▶ _AIM OF THE EXERCISE_
Reproduce the listing exactly, so that no line differs from the original.

▶ _RECORDED DATA_
*** Block opens ***

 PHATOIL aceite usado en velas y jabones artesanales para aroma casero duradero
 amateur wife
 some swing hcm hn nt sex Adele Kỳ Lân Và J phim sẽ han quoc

*** Block closes ***

▶ _ANSWER BOX_
 PHATOIL aceite usado en velas y jabones artesanales para aroma casero duradero
 amateur wife
 some swing hcm hn nt sex Adele Kỳ Lân Và J phim sẽ han quoc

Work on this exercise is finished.